PROBLEM DETAILS >>
Copy exactly the run of lines that begins at the line with "175 - 18th century" and ends at the final line of the entries.

(Crawled caption data)

◆ ◆ ◆ ◆

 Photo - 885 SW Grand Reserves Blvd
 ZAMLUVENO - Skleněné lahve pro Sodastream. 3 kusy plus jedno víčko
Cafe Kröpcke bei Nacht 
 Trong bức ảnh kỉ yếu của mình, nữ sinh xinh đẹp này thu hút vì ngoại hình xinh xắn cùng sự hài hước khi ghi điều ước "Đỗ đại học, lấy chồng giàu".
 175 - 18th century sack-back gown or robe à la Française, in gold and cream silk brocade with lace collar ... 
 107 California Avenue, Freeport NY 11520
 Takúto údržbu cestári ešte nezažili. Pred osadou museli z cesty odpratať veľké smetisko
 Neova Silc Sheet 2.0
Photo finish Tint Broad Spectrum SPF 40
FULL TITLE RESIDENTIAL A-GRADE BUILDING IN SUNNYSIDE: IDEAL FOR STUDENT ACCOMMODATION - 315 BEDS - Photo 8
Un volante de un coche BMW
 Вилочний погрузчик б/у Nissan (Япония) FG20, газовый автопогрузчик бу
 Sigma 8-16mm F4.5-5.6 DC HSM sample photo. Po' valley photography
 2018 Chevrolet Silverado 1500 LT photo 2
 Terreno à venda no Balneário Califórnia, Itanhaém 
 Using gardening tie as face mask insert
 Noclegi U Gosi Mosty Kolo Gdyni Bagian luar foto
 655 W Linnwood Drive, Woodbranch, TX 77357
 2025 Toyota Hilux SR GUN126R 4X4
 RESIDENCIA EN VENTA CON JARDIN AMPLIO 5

◆ ◆ ◆ ◆

WRITTEN ANSWER >>
 175 - 18th century sack-back gown or robe à la Française, in gold and cream silk brocade with lace collar ... 
 107 California Avenue, Freeport NY 11520
 Takúto údržbu cestári ešte nezažili. Pred osadou museli z cesty odpratať veľké smetisko
 Neova Silc Sheet 2.0
Photo finish Tint Broad Spectrum SPF 40
FULL TITLE RESIDENTIAL A-GRADE BUILDING IN SUNNYSIDE: IDEAL FOR STUDENT ACCOMMODATION - 315 BEDS - Photo 8
Un volante de un coche BMW
 Вилочний погрузчик б/у Nissan (Япония) FG20, газовый автопогрузчик бу
 Sigma 8-16mm F4.5-5.6 DC HSM sample photo. Po' valley photography
 2018 Chevrolet Silverado 1500 LT photo 2
 Terreno à venda no Balneário Califórnia, Itanhaém 
 Using gardening tie as face mask insert
 Noclegi U Gosi Mosty Kolo Gdyni Bagian luar foto
 655 W Linnwood Drive, Woodbranch, TX 77357
 2025 Toyota Hilux SR GUN126R 4X4
 RESIDENCIA EN VENTA CON JARDIN AMPLIO 5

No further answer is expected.